Les délais auprès des industriels dépassent désormais les trois à quatre années. Une vraie épine dans le pied pour les nouveaux opérateurs qui se lancent mais aussi pour les compagnies ferroviaires historiques. Explications.

Petits ou grands, les dirigeants des compagnies ferroviaires européennes, et notamment françaises, s'arrachent les cheveux. Alors que la demande pour le train n'a jamais été aussi forte, alors que les opérateurs comme la SNCF battent des records de fréquentation, mettre la main sur des rames neuves exige désormais des délais de plus en plus longs, dépassant les 36 mois et allant jusqu'à 48 mois.

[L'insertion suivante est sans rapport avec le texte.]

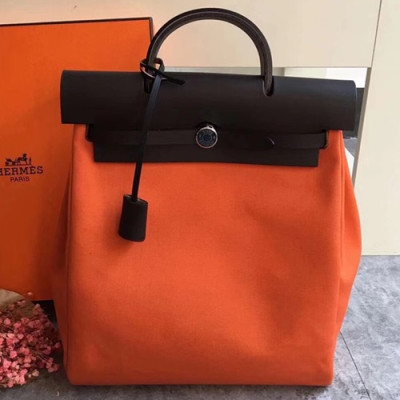 Hermes Herbag-A DOS Canvas Back Pack ,35cm - 에르메스 허백-A DOS 캔버스 남여공용 백팩 HERB0479,35cm,오렌지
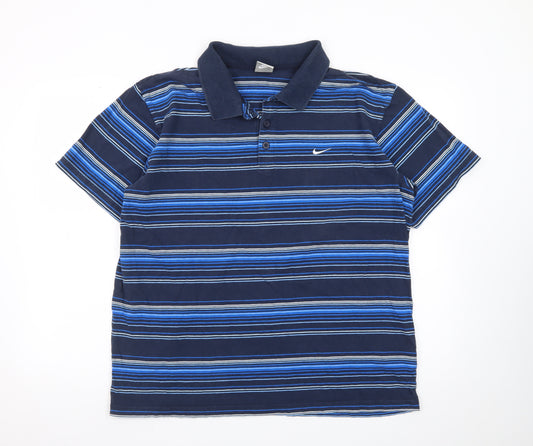 Nike Men's Blue Striped Collared Polo Shirt XL Regular Fit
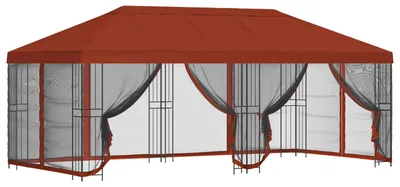 Image de Gazebo avec murs latéraux 6 x 3 m Terre cuite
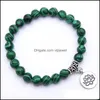 Ciondolo di loto in pietra naturale con perline Bracciale elastico per uomo e donna Diffusione di olio Yoga Cure Drop Consegna Gioielli Bracciali Dhecf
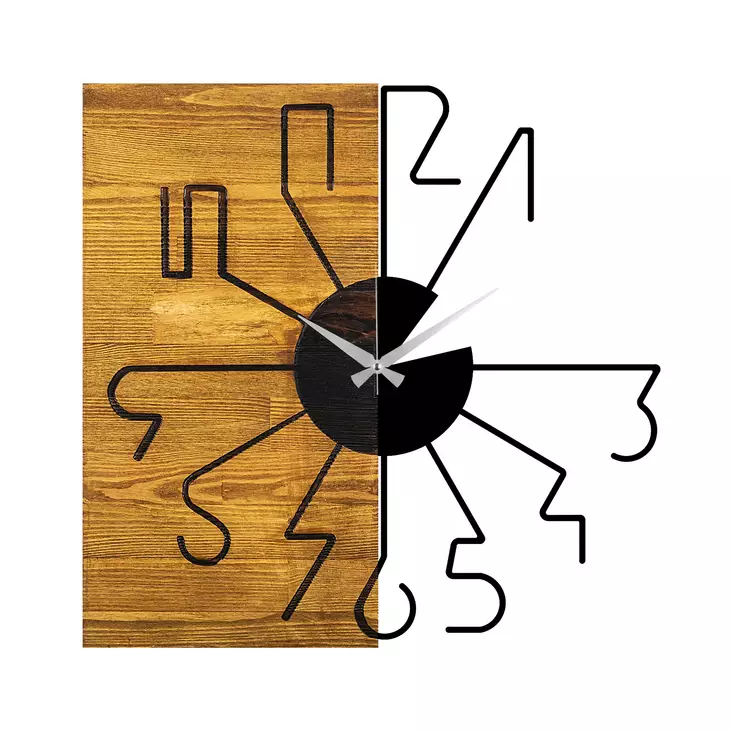 Väggklocka Wallity Wooden Clock Valnöt/Svart Trä 58x58 cm - Väggklockor - 8683342204606 - 1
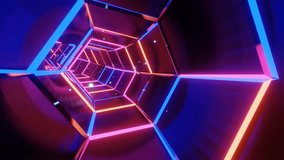A 3d VJ loop background of hexagonal infinity tunnel with colorful neon lights - Powered by Shutterstock - Get 15% off with code: PIKWIZARD15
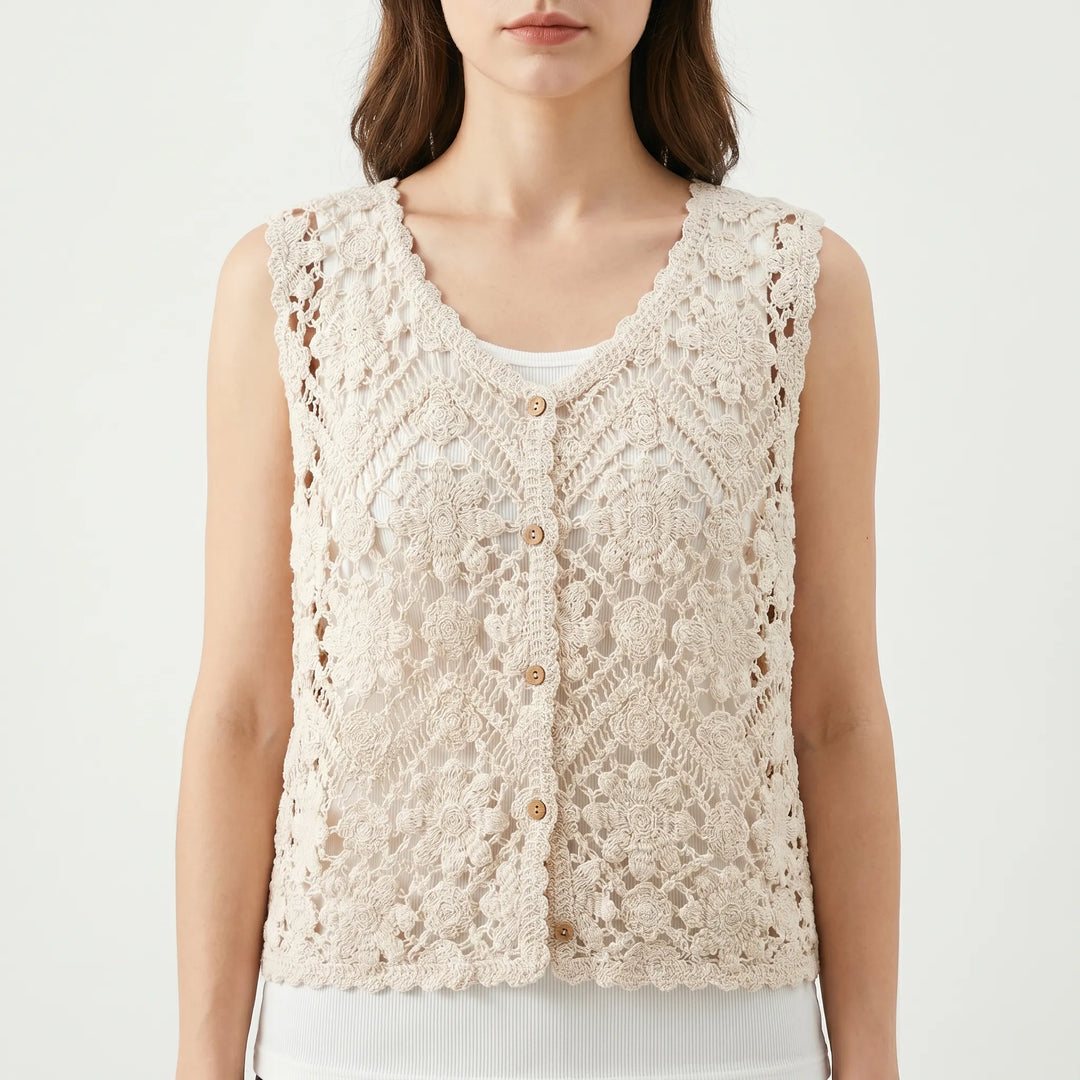 Stylish women's boho knit summer vest; sleeveless v-neck tank top with floral details, perfect for warm weather fashion.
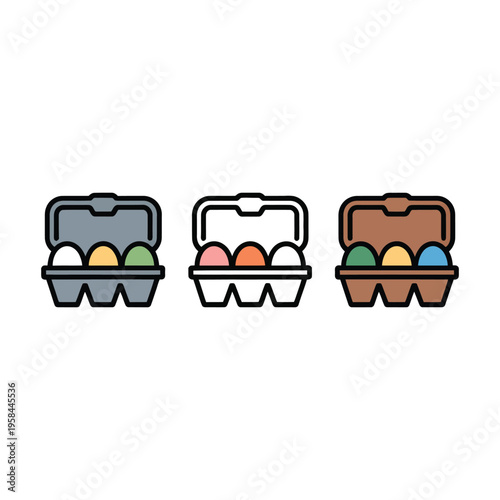Three cartoon egg cartons with colorful eggs on white background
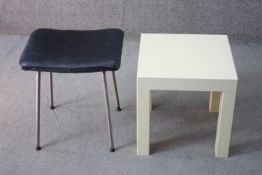 A mid century vintage Stag dressing stool by John and Sylvia Reid along with a contemporary lamp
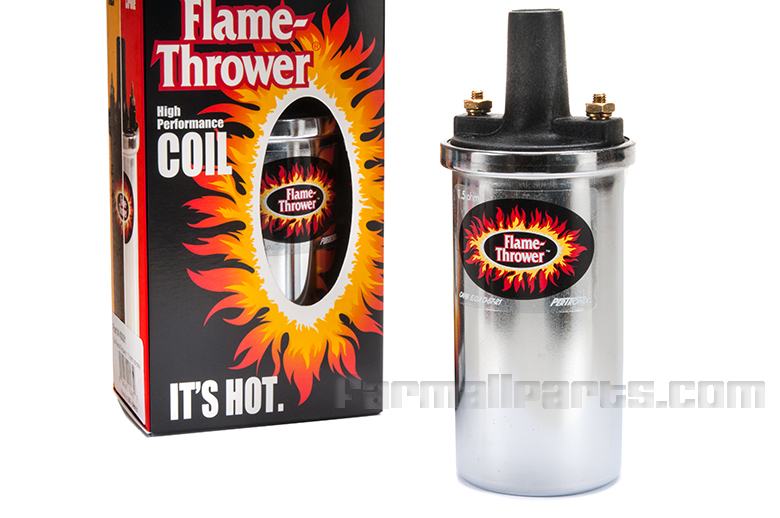 Coil, High Performance (Chrome) - 12-VOLT, Pertronix 'Flame Thrower' Chrome, high performance coil is for all 12-volt systems. Delivers up to 40, 000 volts. Oil filled for better cooling and voltage insulation. Enables larger plug gap for greater fuel efficiency and more power. Fits existing brackets.
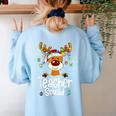 Teacher Squad Red Plaid Rudolph Reindeer Christmas Women's Sweatshirt Back Print Light Blue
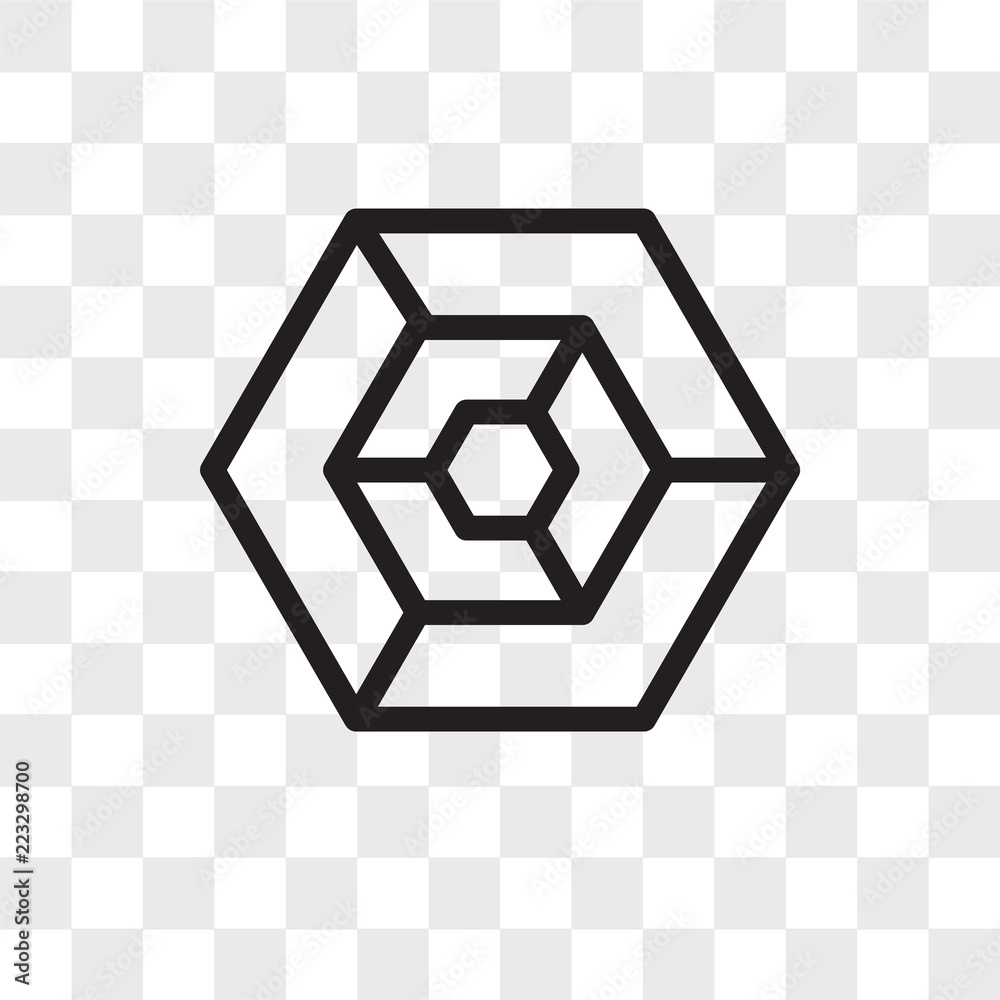 Hexagon vector icon isolated on transparent background, Hexagon logo design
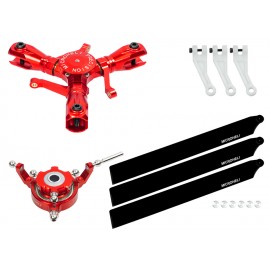 CNC Triple Carbon Plastic Blades Conversion set (RED) - OMP Hobby M2 V1/V2/EXP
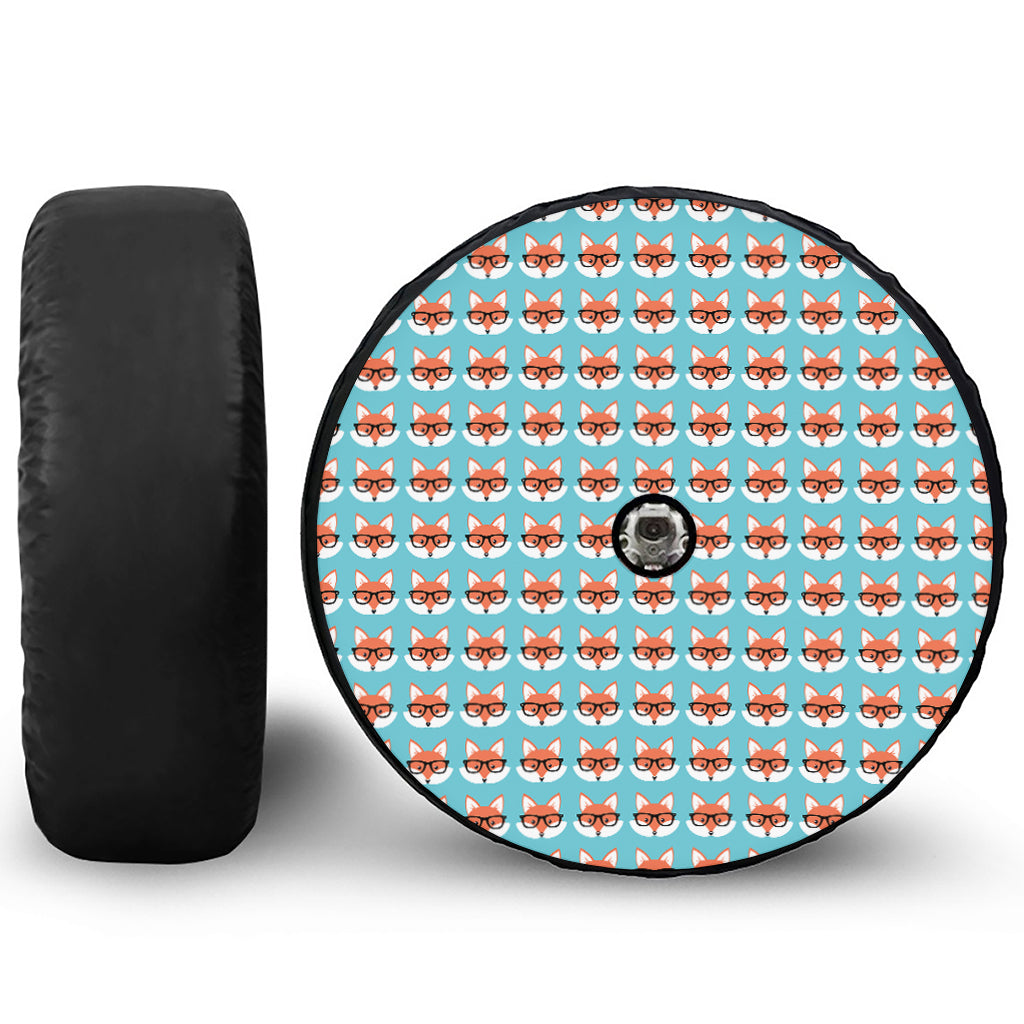 Fox With Glasses Pattern Print Tire Cover With Camera Hole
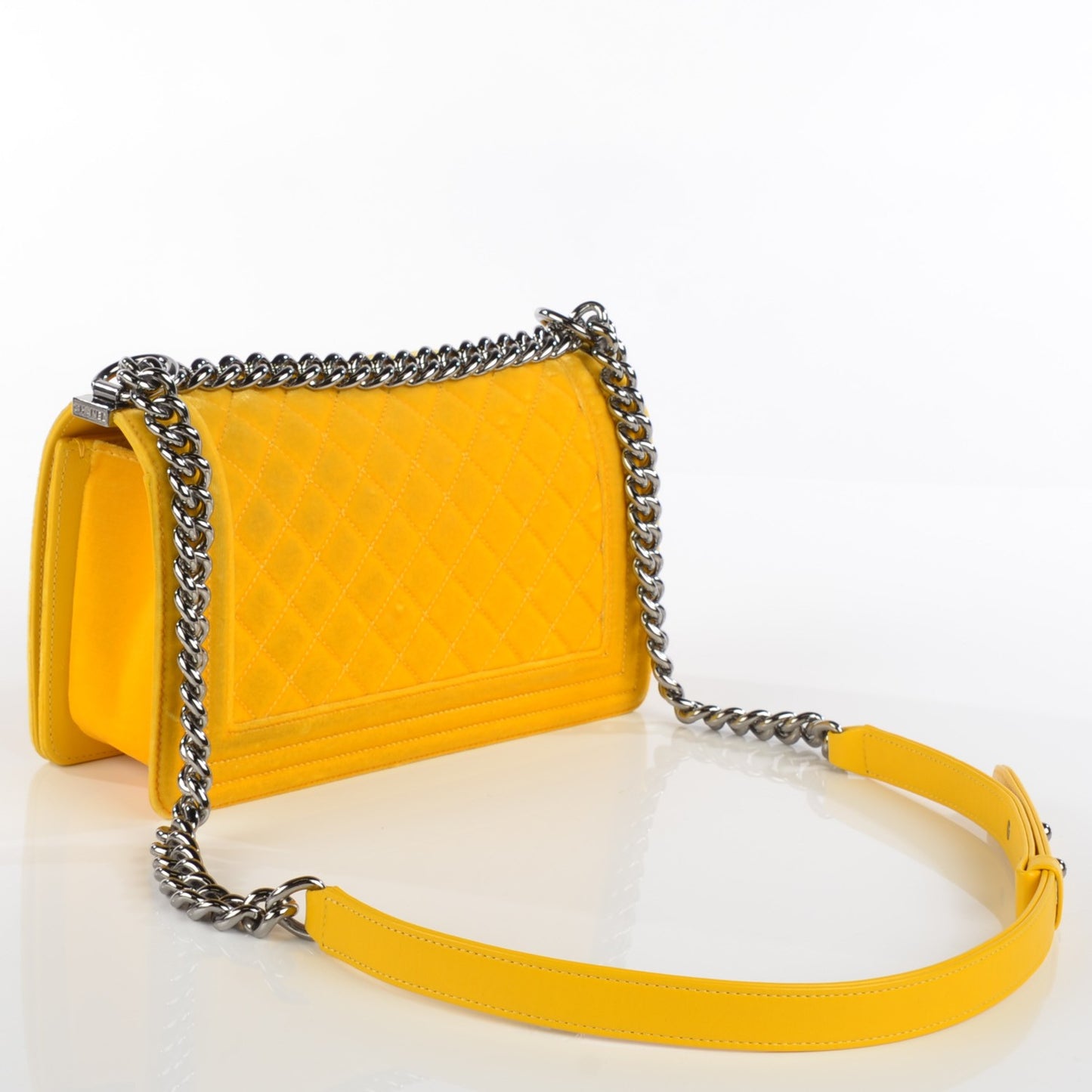 Velvet Quilted Medium Boy Flap Yellow
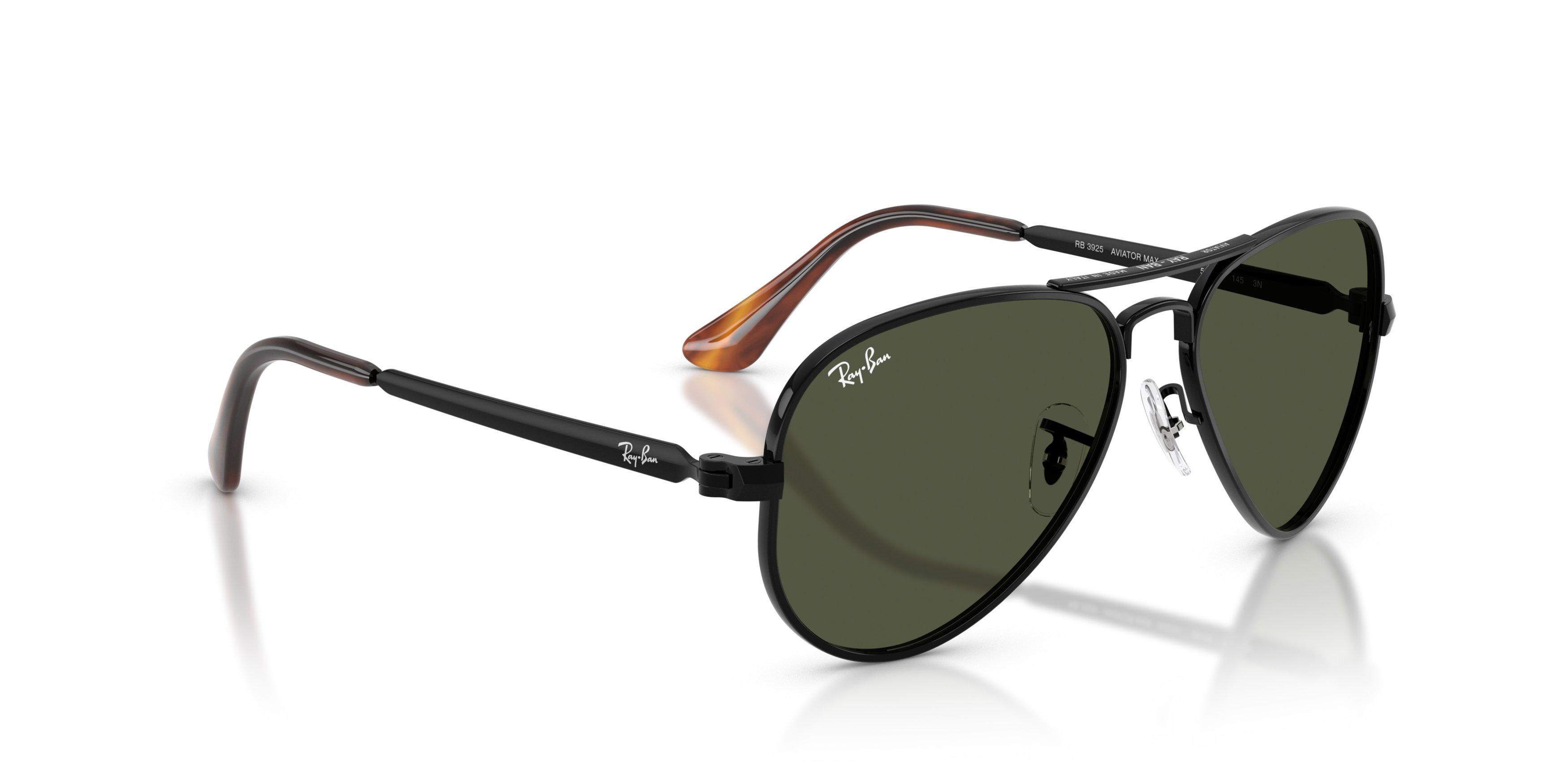 Ray-Ban Aviator Max Green Sunglasses &ndash; Polished Black - BLACK/GREEN Thumbnail View 4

Les exemples sont nombreux: à la SNCF, le nouveau TGV M, fleuron industriel et bras armé de la conquête de l'entreprise publique avec 20% de capacité en plus arrivera au mieux à la mi-2025 alors qu'il était attendu fin 2024.

Du côté des rames Oxygène fabriquées par l'espagnol CAF pour les lignes Intercités vers Limoges et Clermont-Ferrand, l'objectif de 2026 risque de ne pas être tenu.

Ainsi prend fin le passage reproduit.